═════ Data provided

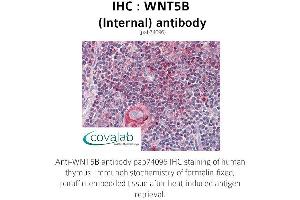 Image no. 1 for anti-Wingless-Type MMTV Integration Site Family, Member 5B (WNT5B) (Internal Region) antibody (ABIN1740832) (WNT5B antibody  (Internal Region))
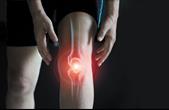 Các thuốc có thể giúp giảm đau đầu gối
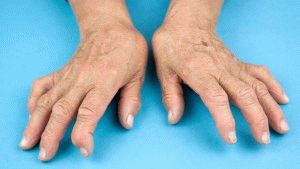 Инвалидност при ревматоиден артрит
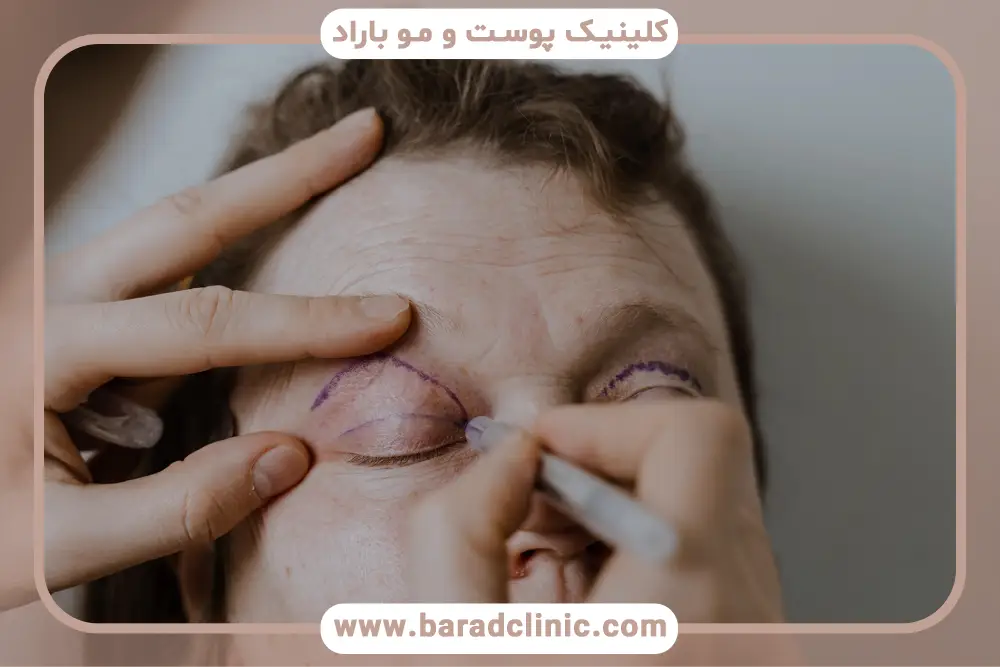 تفاوت بلفاروپلاستی با لیزر و جراحی سنتی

══════════

What is needed
Reproduce the data above line for line, excluding every picture.

Result
 Image no. 1 for anti-Wingless-Type MMTV Integration Site Family, Member 5B (WNT5B) (Internal Region) antibody (ABIN1740832) (WNT5B antibody  (Internal Region))
 Các thuốc có thể giúp giảm đau đầu gối
 Инвалидност при ревматоиден артрит
 تفاوت بلفاروپلاستی با لیزر و جراحی سنتی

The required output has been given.